生物の形質すなわち表現型は,遺伝子型によって決定されるわけだが,どの生物も遺伝子型が同じであれば全く同じ表現型を示す,というわけではない。たとえば,一卵性双生児のようなクローン個体同士は遺伝子型あるいはゲノム情報は全く同じものを持っているが,全く同じ顔や体型などの形質をもつわけではない。古くから「遺伝か環境か」「氏か育ちか」といわれるように,形質は遺伝的にだけではなく,環境の影響も受ける。このように環境要因によって表現型を可塑的に変化させることのできる性質を表現型可塑性(phenotypic plasticity)という。この性質は全ての生物に多少なりとも備わっている。ここでいう,「可塑性」とは言い換えると,「環境応答性」ということであり,意味なく環境条件に左右されて表現型がかわるのではなく,「適応的に」表現型を変化させ,その環境条件下で最適な表現型を発現することが重要なのである。

表現型可塑性とは?

では,表現型可塑性に遺伝子型は関係ないのか,というとそうではなく,環境と表現型の関係自体に影響を与えている。環境条件と表現型との関係を,反応基準(reaction norm)というが,このreaction normが遺伝的な支配を受けていると考えられている。つまり,遺伝子型によって環境への応答の仕方が異なる,ということである。逆にいうと,ゲノムに書かれているのは,生物の最終形(不変の表現型)の設計図なのではなく,生物の受ける外的要因(環境要因)に応じた遺伝子発現の連鎖により,最終的な形質を決めるその様式なのである。

表現型多型とは?

表現型多型とは,発現された表現型に不連続性が見られる場合であり,チョウの季節型やバッタの相変異などがよく知られている。このような例はいずれもそのときの生態環境に適応的なものとなっており,環境が変われば別のタイプの表現型が適応的になる。具体的には,季節などの環境の変動に適応した場合,捕食者などの選択圧が異なるような場合,他個体との相互作用により異なる表現型を生じる必要がある場合などが知られている。いずれも適応戦略に応じて発生プログラムを改変し,表現型の多型を実現している。

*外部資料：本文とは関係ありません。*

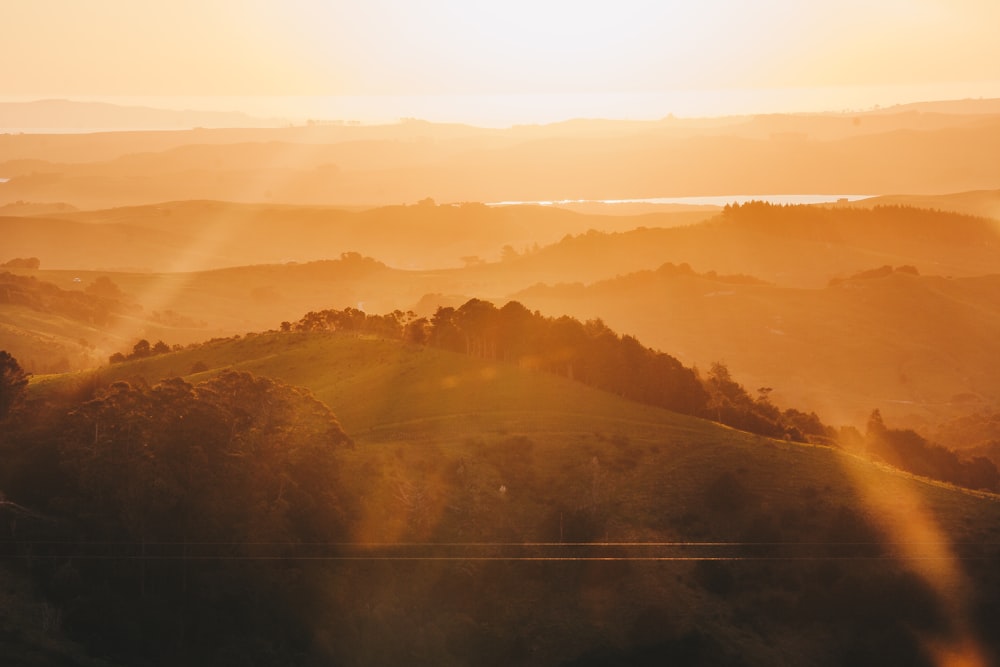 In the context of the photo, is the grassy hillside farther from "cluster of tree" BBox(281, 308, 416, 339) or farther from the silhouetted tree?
the silhouetted tree

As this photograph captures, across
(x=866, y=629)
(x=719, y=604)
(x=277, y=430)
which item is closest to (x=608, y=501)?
(x=719, y=604)

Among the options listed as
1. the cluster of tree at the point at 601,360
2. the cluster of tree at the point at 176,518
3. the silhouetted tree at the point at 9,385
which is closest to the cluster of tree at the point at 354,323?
the cluster of tree at the point at 601,360

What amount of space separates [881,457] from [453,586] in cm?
4054

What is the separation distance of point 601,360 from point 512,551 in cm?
2632

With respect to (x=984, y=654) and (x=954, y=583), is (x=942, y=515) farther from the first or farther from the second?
(x=984, y=654)

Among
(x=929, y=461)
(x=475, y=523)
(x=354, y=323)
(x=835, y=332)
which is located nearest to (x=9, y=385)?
(x=475, y=523)

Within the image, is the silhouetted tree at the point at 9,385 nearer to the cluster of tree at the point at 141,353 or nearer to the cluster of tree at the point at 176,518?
the cluster of tree at the point at 176,518

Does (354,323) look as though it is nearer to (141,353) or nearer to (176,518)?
(141,353)

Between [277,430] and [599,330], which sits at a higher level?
[599,330]

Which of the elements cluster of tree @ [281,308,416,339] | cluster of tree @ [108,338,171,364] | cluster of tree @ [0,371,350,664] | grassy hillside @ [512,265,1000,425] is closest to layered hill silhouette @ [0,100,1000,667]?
cluster of tree @ [0,371,350,664]

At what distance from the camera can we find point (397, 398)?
70312mm

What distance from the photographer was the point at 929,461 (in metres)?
74.2

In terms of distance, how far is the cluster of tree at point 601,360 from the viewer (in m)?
73.1

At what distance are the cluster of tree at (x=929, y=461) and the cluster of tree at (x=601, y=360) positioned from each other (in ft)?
16.8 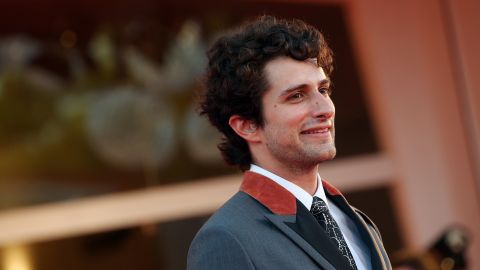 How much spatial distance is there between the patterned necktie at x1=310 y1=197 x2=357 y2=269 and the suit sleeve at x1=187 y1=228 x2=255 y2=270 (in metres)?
0.27

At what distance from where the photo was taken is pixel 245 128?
2682 millimetres

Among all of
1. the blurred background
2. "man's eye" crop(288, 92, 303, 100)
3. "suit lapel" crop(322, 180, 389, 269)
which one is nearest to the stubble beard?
"man's eye" crop(288, 92, 303, 100)

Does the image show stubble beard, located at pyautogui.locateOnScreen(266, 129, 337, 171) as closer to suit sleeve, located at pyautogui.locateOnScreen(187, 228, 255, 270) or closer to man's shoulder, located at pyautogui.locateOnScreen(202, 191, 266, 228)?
man's shoulder, located at pyautogui.locateOnScreen(202, 191, 266, 228)

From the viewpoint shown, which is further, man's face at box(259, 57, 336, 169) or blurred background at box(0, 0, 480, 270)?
blurred background at box(0, 0, 480, 270)

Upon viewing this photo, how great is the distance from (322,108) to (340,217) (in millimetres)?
345

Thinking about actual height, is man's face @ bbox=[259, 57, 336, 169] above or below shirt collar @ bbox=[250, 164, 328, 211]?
above

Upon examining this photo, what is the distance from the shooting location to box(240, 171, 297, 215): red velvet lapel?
2562mm

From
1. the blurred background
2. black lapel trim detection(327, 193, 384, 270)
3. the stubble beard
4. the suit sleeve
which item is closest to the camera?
the suit sleeve

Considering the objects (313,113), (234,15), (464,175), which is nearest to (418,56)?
(464,175)

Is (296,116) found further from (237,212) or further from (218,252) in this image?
(218,252)

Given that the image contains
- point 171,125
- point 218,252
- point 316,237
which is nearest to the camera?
point 218,252

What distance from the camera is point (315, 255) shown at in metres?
2.47

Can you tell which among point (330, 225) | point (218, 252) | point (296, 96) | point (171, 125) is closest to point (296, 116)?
point (296, 96)

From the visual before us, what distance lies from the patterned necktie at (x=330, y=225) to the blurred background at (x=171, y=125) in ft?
10.8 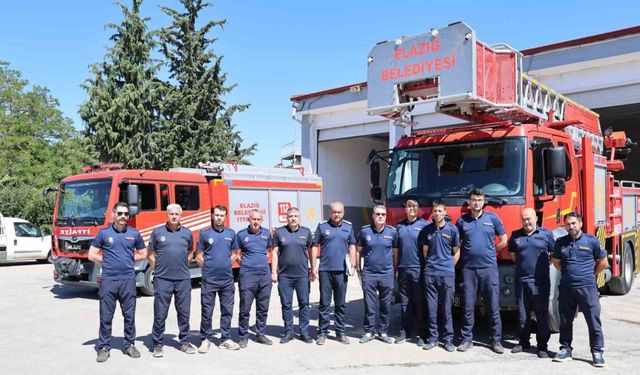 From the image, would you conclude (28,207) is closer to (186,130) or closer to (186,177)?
(186,130)

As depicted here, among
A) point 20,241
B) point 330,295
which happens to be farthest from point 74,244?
point 20,241

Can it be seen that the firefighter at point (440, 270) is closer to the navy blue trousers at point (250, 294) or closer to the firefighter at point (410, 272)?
the firefighter at point (410, 272)

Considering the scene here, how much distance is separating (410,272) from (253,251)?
1922 mm

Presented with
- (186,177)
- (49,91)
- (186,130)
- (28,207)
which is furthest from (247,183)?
(49,91)

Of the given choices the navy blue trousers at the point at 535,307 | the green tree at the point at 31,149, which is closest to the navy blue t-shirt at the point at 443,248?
the navy blue trousers at the point at 535,307

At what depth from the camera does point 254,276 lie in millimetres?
6711

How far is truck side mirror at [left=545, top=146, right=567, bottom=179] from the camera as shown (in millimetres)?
6438

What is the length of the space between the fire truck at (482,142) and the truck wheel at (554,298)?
0.02 m

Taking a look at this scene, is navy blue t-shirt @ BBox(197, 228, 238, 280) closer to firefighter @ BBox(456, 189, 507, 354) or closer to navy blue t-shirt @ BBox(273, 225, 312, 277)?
navy blue t-shirt @ BBox(273, 225, 312, 277)

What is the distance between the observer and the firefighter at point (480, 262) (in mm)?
6285

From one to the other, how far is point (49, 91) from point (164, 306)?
30872mm

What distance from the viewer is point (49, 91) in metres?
32.8

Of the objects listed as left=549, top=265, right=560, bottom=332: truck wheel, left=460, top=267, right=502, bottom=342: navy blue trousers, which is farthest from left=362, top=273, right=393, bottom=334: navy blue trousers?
left=549, top=265, right=560, bottom=332: truck wheel

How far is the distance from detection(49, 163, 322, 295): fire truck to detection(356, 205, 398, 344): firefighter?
16.7ft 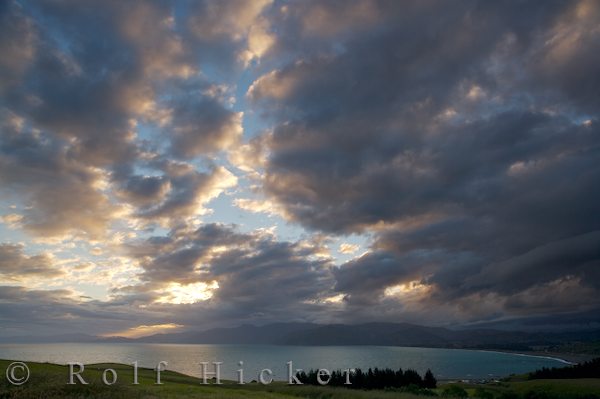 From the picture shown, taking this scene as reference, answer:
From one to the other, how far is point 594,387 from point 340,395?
67.5 metres

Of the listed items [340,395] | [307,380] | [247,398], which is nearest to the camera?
[247,398]

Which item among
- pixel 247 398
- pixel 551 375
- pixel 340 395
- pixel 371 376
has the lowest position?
pixel 551 375

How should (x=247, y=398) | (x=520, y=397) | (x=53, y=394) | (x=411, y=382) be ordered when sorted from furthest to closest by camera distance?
1. (x=411, y=382)
2. (x=520, y=397)
3. (x=247, y=398)
4. (x=53, y=394)

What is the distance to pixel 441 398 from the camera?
71562mm

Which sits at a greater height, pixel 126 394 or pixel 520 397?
pixel 126 394

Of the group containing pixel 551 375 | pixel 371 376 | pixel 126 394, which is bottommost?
pixel 551 375

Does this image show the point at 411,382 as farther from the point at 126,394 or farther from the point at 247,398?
the point at 126,394

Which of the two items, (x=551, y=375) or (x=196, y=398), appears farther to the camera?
(x=551, y=375)

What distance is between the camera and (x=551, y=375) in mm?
141250

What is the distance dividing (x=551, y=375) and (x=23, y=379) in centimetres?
15865

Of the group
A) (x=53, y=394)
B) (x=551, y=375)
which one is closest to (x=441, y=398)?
(x=53, y=394)

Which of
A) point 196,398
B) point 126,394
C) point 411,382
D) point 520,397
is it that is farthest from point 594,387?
point 126,394

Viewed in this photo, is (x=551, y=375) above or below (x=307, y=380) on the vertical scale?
below

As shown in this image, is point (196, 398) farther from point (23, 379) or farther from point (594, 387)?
point (594, 387) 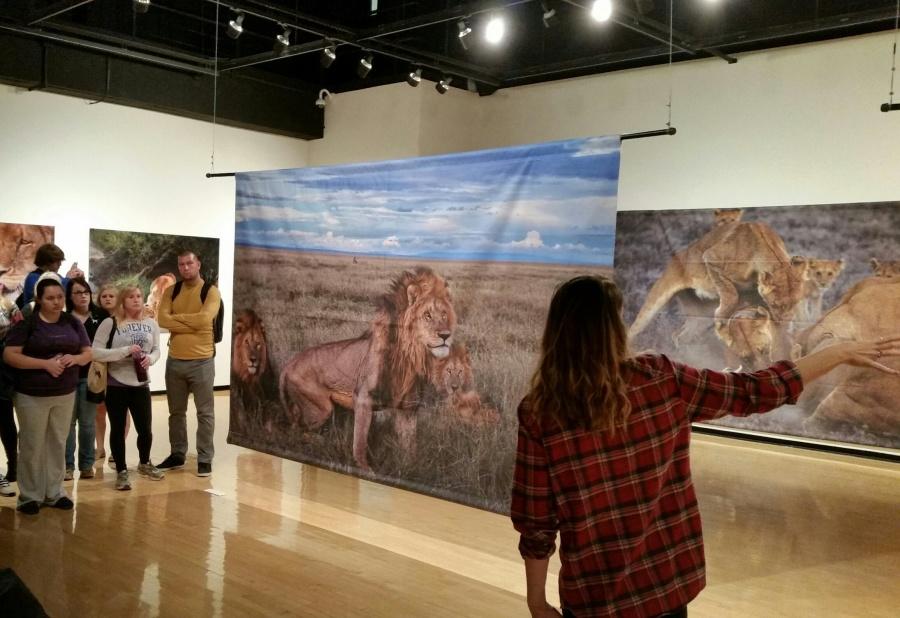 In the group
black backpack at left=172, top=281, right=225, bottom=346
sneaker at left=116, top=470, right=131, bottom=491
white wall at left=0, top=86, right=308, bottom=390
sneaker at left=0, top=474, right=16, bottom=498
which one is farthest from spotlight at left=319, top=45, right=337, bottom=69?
sneaker at left=0, top=474, right=16, bottom=498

表現型多型は形質が不連続に生じることで定義されるが,その場合,2通りの生成過程が考えられる。環境が不連続な場合と,形質の発現に閾値を伴う場合である。チョウの季節型のように春と秋では幼虫が受ける日長や温度が異なるため,結果として生じる個体の形質が2通りの別のものになる。この場合,人為的に中間的な条件で飼育をすると実際に中間型が生じる。しかし一方で,中間的な条件を用いても中間的な個体が生じず,必ず不連続な多型を示す場合もある。その場合,形質を決める環境条件は連続でも,ある一定以上の閾値になると形質が不連続に変化する。